Microsoft’s Samsung deal is a major development in the technology patent wars, and a boost for Microsoft’s claims that Android violates its intellectual property. Samsung has separately shown no sign of backing down in its dispute with Apple over the iPhone maker’s Android patent claims.

Google isn’t directly involved in the disputes but its chief legal officer, David Drummond, spoke out in August against what he called “a hostile, organized campaign against Android by Microsoft, Oracle, Apple and other companies, waged through bogus patents.”

Smith and Gutierrez address Google directly in their post: “We recognize that some businesses and commentators – Google chief among them – have complained about the potential impact of patents on Android and software innovation,” they write. “To them, we say this: look at today’s announcement. If industry leaders such as Samsung and HTC can enter into these agreements, doesn’t this provide a clear path forward?”

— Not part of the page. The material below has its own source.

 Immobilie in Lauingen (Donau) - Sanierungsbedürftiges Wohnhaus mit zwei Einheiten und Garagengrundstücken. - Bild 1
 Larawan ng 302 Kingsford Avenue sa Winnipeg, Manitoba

Specific financial terms of the Samsung deal weren’t disclosed. As noted by Microsoft, it previously struck a similar patent deal with HTC, in which the Redmond company is reportedly receiving $5 for every Android handset that HTC sells.

Perhaps not coincidentally, both Samsung and HTC make devices that run Microsoft’s Windows Phone operating system. The Microsoft lawyers say in the post that the latest deal gives Microsoft and Samsung “greater patent coverage relating to each other’s technologies, and opens the door to a deeper partnership in the development of new phones for the Windows Phone platform.”

Microsoft says in the official news release that the new cooperation with Samsung will also include marketing Windows Phone. Microsoft started to roll out the Windows Phone “Mango” update yesterday, a key test for its mobile initiatives.

Follow-up: Will Microsoft get patent royalties from Amazon’s Kindle Fire?

  • Guest

    Congratulations to Microsoft for continuing to expand their profitability in mobile! I expect Motobility to pay up within a year.

  • Anonymous

    microsoft can’t make competitive products anymore so they fall back to using FUD to scare companies into paying up

    • Larry FakeLastName

      …except for the fact that Windows Phone 7 makes Android look stale and clunky…

    • Guest

      MS makes lots of competitive products and review on WP7 have generally been positive. Market success for the later is a different matter. And Samsung is a large and very successful company. I don’t think they scare easily or enter into agreements based on FUD, despite your need to believe it so.

  • Ultramariner

    LOL, industry leaders like Samsung and HTC also make Windows Mobile phones. This is why they agree to this stupid show in the first place. It’s just an extra cost of doing business with the monkey mafia of Redmond.

    • Mark

      Original. Well, not really. Haters gotta hate.

  • Guest

    pity there is no explanation here (or a link to an explanation) of exactly what was claimed to be violated. if the idea belongs to them why aren’t they first to market ? or did they buy it from someone else ? will be waiting to see how the Motorola mobility fight, which seems to be the only real independent test of the claims made here, turns out.